Per evitare che il dialogo difficile diventi uno scontro violento dobbiamo fermamente reagire contro i fanatici che usano la violenza e negano i diritti umani, e d’altro canto dobbiamo offrire tutte le opportunità possibili alle gente che è ancora capace di una convivenza costruttiva.

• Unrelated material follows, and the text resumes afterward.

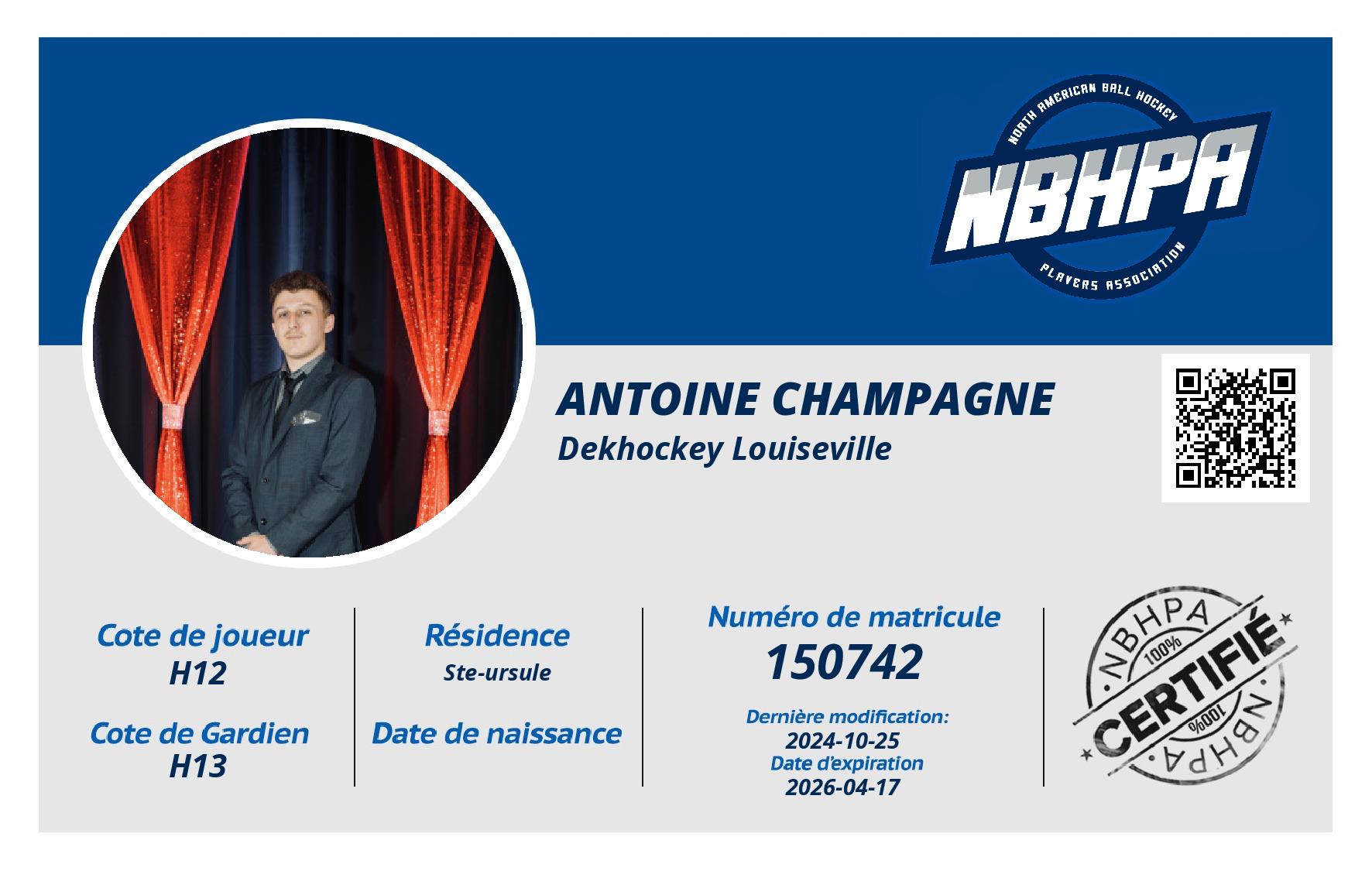 Antoine Champagne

Alla fine dello scorso luglio, quando era appena iniziato il Ramadan, ho incontrato per caso a Kibera, enorme baraccopoli di Nairobi, alcuni amici musulmani che in passato mi avevano aiutato a superare alcune difficoltà. C’era con me un gruppo di ex-ragazzi di strada, alcuni di loro musulmani, i quali da tempo mi avevano chiesto di poter pregare insieme ai ragazzi cristiani. Seguendo la loro ispirazione, ho chiesto di aiutarmi a preparare un incontro di amicizia fra musulmani e cristiani, organizzando insieme la festa finale per la chiusura del Ramadan. Abbiamo fatto un comitato, che ha deciso di invitare pastori di tutte le chiese cristiane presenti nel grande slum. Alla fine eravamo quasi trecento persone, radunatesi al calar del sole, dopo il tramonto dell’ultimo giorno di digiuno. Guidati degli imam locali abbiamo pregato e condiviso un pasto. Un semplicissimo gesto che purtroppo è parso straordinario, tanto che dopo qualche giorno l’imam più rappresentativo ed io siamo stati invitati da una televisione locale gestita da una chiesa protestante a spiegarne il senso.

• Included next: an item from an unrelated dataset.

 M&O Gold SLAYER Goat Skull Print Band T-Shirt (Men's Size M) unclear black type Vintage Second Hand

La disponibilità a un convivere che non sia solo un indifferente tollerarsi, ma un costruire insieme una società più aperta e più giusta, esiste. Ma non dobbiamo perdere tempo. I segni che il baratro si sta allargando sono troppi. Lo scorso anno un’associazione di studenti musulmani sudanesi del Darfur, Sudan Sun Rise, espresse la volontà, in segno di riconciliazione e di apprezzamento per quanto fatto dal vescovo di Torit mons. Akio Johnson Mutek durante i lunghi anni di guerra civile, di aiutarlo a ricostruire la cattedrale, nel Sud Sudan, gravemente danneggiata, anzi praticamente distrutta durante il conflitto. In questi giorni, in seguito alle proteste di alcuni cristiani che non vogliono accettare il contributo dei musulmani per la ricostruzione della loro chiesa, il buon vescovo ha dovuto pubblicare una dichiarazione in cui rassicura il suo gregge che “non e stato fatto nessun passo, e la cosa è ancora oggetto di ampie consultazioni”. Davvero, non c’è tempo da perdere se non vogliamo che il dialogo diventi impossibile.